We spend more time listening than any other form of communication, and yet we spend the least amount of time actually learning how to listen well. Listening doesn’t stop at the ears (that is called “hearing”). Being a great listener means you not only hear what is being said, but you actively process the information in your brain, synthesizing the information with the goal to truly understand the deeper message.
Being a good, active listener improves relationships, makes your more effective in the workplace, engenders cooperation, expedites problem-solving, saves time, prevents misunderstandings and much more. Most of all, being a good listener builds trust and influence.

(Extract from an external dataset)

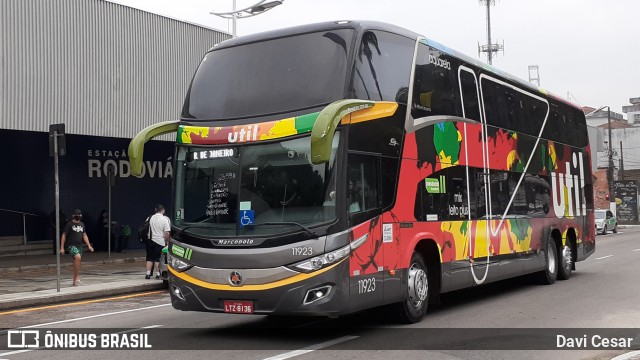 UTIL - União Transporte Interestadual de Luxo 11923 na cidade de Santos, São Paulo, Brasil, por Davi Cesar. Número da foto: #8242854.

When someone (whether it’s a direct-report, your boss, a client, a sales prospect, a spouse, whoever) recognizes that you are truly listening – with an aim to understand vs. to react – they will trust you. They’ll be vulnerable and open up. Good leaders must be good listeners. This is Habit 5 of Stephen Covey’s “7 Habits of Highly Effective People” – ignore it at your own risk!
People light up when they see their ideas visualized
At the Sketch Effect, we have the amazing privilege of drawing what people say. When people see their thoughts, ideas, and opinions come to life through pictures, they light up. It’s amazing. Whether it’s during a live sketch at a conference or in an animated video, there’s something about seeing your ideas visualized that makes you smile. It’s raw, unfiltered joy.
Being the catalyst of other people’s joy is, perhaps, the greatest joy for me and for our team. And you don’t have to be an artist to bring joy. Whether you work in Pharmaceutical Sales or Dentistry, whether you’re a teacher, a plumber, a writer, or a doctor, if you’re blue-collar or white-collar, find a way to create joy for others.
Creating joy for others creates joy for you – and the return is far greater than the investment.